Iris


Tu arriveras dans ce costume trois pièces qui me plaisait tant autrefois.

Tu sortiras de ta poche une montre à gousset, d’apparence banale, mais dont la gravure intérieure m’est si précieuse, ces deux mots qui guident, encore aujourd’hui, chacun de mes choix.…
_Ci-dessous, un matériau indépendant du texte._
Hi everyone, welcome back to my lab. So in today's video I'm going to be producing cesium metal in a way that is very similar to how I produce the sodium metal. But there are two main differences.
Je te regarderai te déshabiller, l’arrogance de ton sourire, le doute aussi, le torse volontaire et le reliquat de pudeur. Je mangerai des yeux la peau de ton ventre, l’arrondi de tes fesses. Je jaugerai ton sexe, sans vergogne, regard indécent, exigeant et tendre à la fois. Comme la lèvre l’embrasserait, comme la main s’en saisirait, comme une brûlure humide qui le chevaucherait.
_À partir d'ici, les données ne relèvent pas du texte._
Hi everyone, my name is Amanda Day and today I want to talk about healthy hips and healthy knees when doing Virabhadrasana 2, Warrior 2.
De la soie qui me pare, tu n’ôteras rien. Tu voudras relever sur mes reins les étoffes précieuses, écarter d’un doigt volontaire les apparats de convention, mais non. Le tissu s’imbibera des humeurs acidulées, le bleu deviendra noir, les seins se tendront au frôlement du voile.

Percussion déjà, tu te dresseras sexe ému, ton gland glissant révélant ton parfum, ventre salé aux faims en déraison.

Droite, au centre de la pièce, je te regarderai. La façon dont ta main caresse ta cuisse puis ton sexe. Comment ta paume se replie autour de lui, où tes doigts appuient, et comment ton ventre réagit. J’observerai l’humidité sous la peau, la chair rosée devenue mauve, la lubricité de tes yeux, les tremblements de tes jambes. Quand tu saisiras ce sexe dans un mouvement redevenu instinctif, maîtrisé à chaque seconde pour t’amener à la jouissance vite, fort, beau, quand ta main s’agitera, et que ton genou fléchira un peu, quand tes doigts s’égareront plus loin entre tes cuisses, quand tu saisiras ce membre à pleines mains, avec rudesse, avec la rage d’en jouir déjà, et l’envie d’attendre, mais pourtant, déjà, la mousse blanche et les sursauts, les palpitations entre tes doigts, le plaisir qui déchire le silence, ton souffle à perte de soi.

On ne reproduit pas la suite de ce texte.